Breckenridge Patrol Director Kevin Ahern shared the company’s concerns about the number of patrollers who voted for unionization.

“As I told our patrollers, while I personally believe, and know from experience, that unionizing is the wrong choice, I will respect their decision,” Ahern wrote in an email. “However, what is troubling to me is that only about one-third of our patrollers voted for the union. It seems that nowhere close to a majority actually wanted union representation, but if the vote is certified, they will now be required to have a third party speak on their behalf. It’s a disappointing process, but I know the leadership at Breck will do everything to support their employees regardless of the outcome.”

Next up, Sibbing said ski patrollers will work with the Communications Workers of America to put together a contract to present to management at Breckenridge. According to the National Labor Relations Board, after employees choose a union as a bargaining representative, the employer and union are required to meet “at reasonable times to bargain in good faith about wages, hours, vacation time, insurance, safety practices and other mandatory subjects.”

The statement from Vail Resorts added that if results of the election are certified, the company will comply with all applicable labor and employment laws and will “bargain in good faith with the representative selected by our ski patrol.”

Sibbing said main topics the patrollers want to negotiate are wages and hours.

“We’re working overtime every single week, so just trying to put that into a healthier package so that we cannot exhaust ourselves and also get a wage that’s livable in Summit County,” Sibbing said. “The heart and soul of this movement that we have going is to create a win-win situation, to create a dialogue that is good not just for ski patrol but also for Vail (Resorts) — a more direct way of speaking.”

Anderson said the patrollers have a long road ahead in terms of gathering membership and putting together a cohesive voice, but he is hopeful about the long-term effects of unionization.

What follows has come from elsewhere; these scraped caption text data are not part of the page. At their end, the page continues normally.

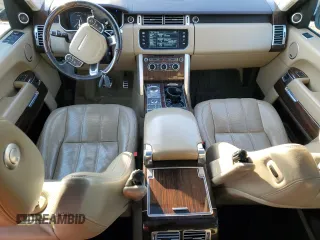 2015 Land Rover Range Rover Supercharged с VIN SALGS3TF5FA213130, выставлен на аукционе Copart как лот 42124545 с пробегом 173 208 миль миль и Чистый • Clean title. История ставок и продаж доступна на DreamBid. Изображение 8.
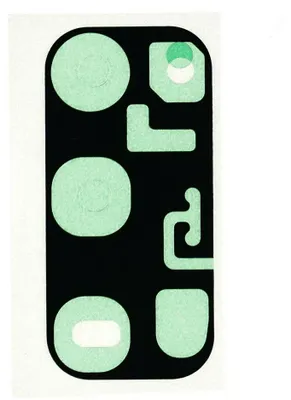 Produktbild von Samsung Galaxy S20 SM-G980FKleber für  Kamera Glas Linse + Kleber, Schwarz
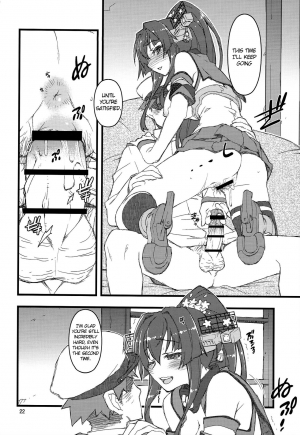 (SC65) [niesox (Tamori Tadaji)] Teitoku Nippou Ni | Admiral's Daily Report 2 (Kantai Collection -KanColle-) [English] [Brolen] - Page 23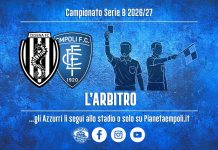 L’arbitro di Cesena-Empoli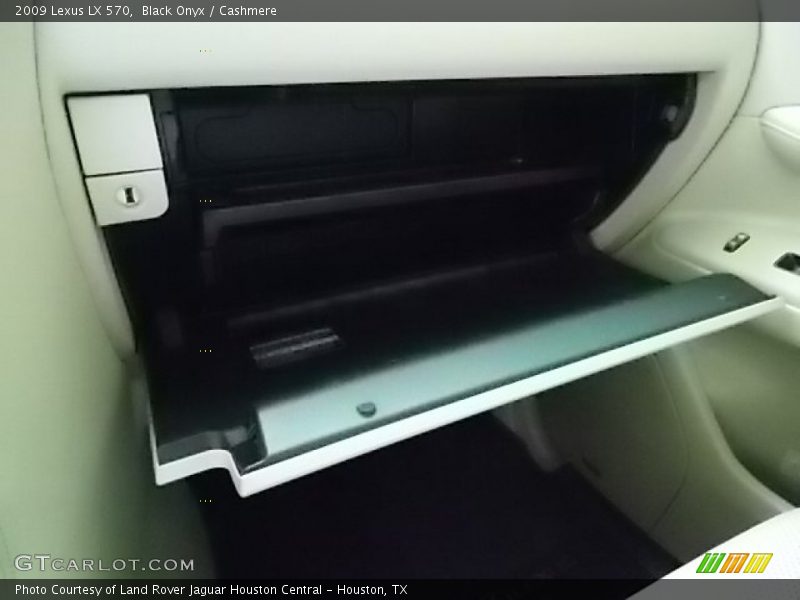Black Onyx / Cashmere 2009 Lexus LX 570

“If we do gain some wage increase or extra PTO … those things will be momentary,” Anderson said. “The long-standing benefits that will see us through formation of a union and see us through negotiations and through various goals that we may have is just the philosophical goal of having a voice in the process and having a more direct line from our line-level patrollers to our corporate folks who make all the decisions.”

Both Sibbing and Anderson said they are hopeful the union movement will continue among other ski patrol groups, despite the recent vote of Keystone Resort ski patrol not to unionize. Sibbing said a ski patroller’s job across the country has changed dramatically over the past 10 to 20 years with increased responsibilities and necessary knowledge, including avalanche mitigation and emergency medical responsibilities. He said the job is much higher level than it used to be and that ski patrollers need to get out of the job what they put into it in order to continue in the field.

“There are a few patrols that have been unionized for long periods of time, and they seem to have very effective, good, open relationships with their management. And so, this doesn’t have to be a combative, divisive relationship between our union and management. We hope to create some mutually beneficial choices that have been missed just due to the fact that we haven’t had our opinions heard,” Anderson said. “I do hope that many more patrols can join us in making this move because, as an industry, there are many things that can be changed to make our workplaces safer and have a career path in a wonderful profession.”

Sibbing reported that no ballots were challenged during the election. However, either party in the election may file objections “to the conduct of the election or to conduct affecting the results of the election,” according to the National Labor Relations Board. Objections must be filed within seven days after the ballot tally has been issued. If no objections are filed, the results of the election will be certified.